Assume k is the number of unique words in the input files. (The word count program reads
text input and produces output that contains every distinct word and the number of times that word occurred anywhere in the text.)

1. There will be r files, each with approximately m/r key-value pairs.
2. There will be m files, each with approximately k/r key-value pairs.
3. Access Mostly Uused Products by 50000+ Subscribers
4. There will be r files, each with approximately k/m key-value pairs.

Question : While processing the MAIN.PROFILE.log generated in the Apache WebServer of the QuickTechie.com website using MapReduce job.
There are 100 nodes in the cluster and 3 reducers defined. Which of the reduce tasks will process a Text key which begins with the regular expression "\w+"?

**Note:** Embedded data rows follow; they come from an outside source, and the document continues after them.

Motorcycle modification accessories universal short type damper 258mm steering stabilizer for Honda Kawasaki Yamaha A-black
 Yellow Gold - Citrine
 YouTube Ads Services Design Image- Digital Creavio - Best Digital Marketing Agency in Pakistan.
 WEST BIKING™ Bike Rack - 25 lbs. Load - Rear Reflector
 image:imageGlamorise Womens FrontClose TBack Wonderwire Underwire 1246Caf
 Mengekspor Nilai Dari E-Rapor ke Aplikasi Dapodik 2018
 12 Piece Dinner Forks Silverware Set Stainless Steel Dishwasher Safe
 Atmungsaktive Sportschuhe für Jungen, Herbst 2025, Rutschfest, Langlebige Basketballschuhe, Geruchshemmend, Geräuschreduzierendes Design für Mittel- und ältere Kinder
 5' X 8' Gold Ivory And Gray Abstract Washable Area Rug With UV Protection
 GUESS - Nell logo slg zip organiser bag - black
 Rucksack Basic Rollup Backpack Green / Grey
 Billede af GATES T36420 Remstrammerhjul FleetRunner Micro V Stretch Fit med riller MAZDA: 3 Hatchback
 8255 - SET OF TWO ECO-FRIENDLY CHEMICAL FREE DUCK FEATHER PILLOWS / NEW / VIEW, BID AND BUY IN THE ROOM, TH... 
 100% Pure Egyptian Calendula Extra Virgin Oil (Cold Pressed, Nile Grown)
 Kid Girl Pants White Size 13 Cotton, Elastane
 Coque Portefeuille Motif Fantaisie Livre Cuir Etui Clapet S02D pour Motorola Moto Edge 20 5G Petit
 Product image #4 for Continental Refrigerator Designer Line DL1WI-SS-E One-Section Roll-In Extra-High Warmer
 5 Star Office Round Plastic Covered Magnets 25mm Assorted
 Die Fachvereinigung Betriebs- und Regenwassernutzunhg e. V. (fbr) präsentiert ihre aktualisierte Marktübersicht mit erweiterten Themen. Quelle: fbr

1. First Reducer will process the key, wich satisfies the regular expression "\w+"
2. Second Reducer will process the key, wich satisfies the regular expression "\w+"
3. Access Mostly Uused Products by 50000+ Subscribers
4. Not enough data to determine which reduce task will receive which key

Question : To process the www.HadoopExam.com MAIN.PROFILE.log file You submit a job to a cluster running on MRv.
There are 1000 slave nodes in a 100 rack, You have NOT specified a rack topology script. Your job has a single Reducer which runs on Node7 of Rack7.
The output file it writes is small enough to fit in a single HDFS block. How does Hadoop handle writing the output file?

1. The first replica of the block will be stored in any node out of 1000 nodes.
2. The first replica of the block will be stored on node7 of Rack7 only. The other two replicas will be stored on other nodes in any rack.
3. Access Mostly Uused Products by 50000+ Subscribers
4. The first replica of the block will be stored on node7 in rack7. The other two replicas will be stored on node6 and node8 in rack7

Question :

Let's assume you have following files in the hdfs directory called merge.
Test1.txt
hadoopexam.com Hadoop Training 1

Test2.txt
www.hadoopexam.com Hadoop YARN Training

Test3.txt
http://hadoopexam.com Amazon WebService Training

Now you run the following command
hadoop fs -getmerge merge/ output1.txt
What is the correct statement?

1. It will create a new file called output1.txt in local file system, with the merged content from the all three files
2. It will create a new file called output1.txt in hdfs file system, with the merged content from the all three files
3. Access Mostly Uused Products by 50000+ Subscribers
4. This command will successful but will not merge the files because of, what to do with new line character is not defined.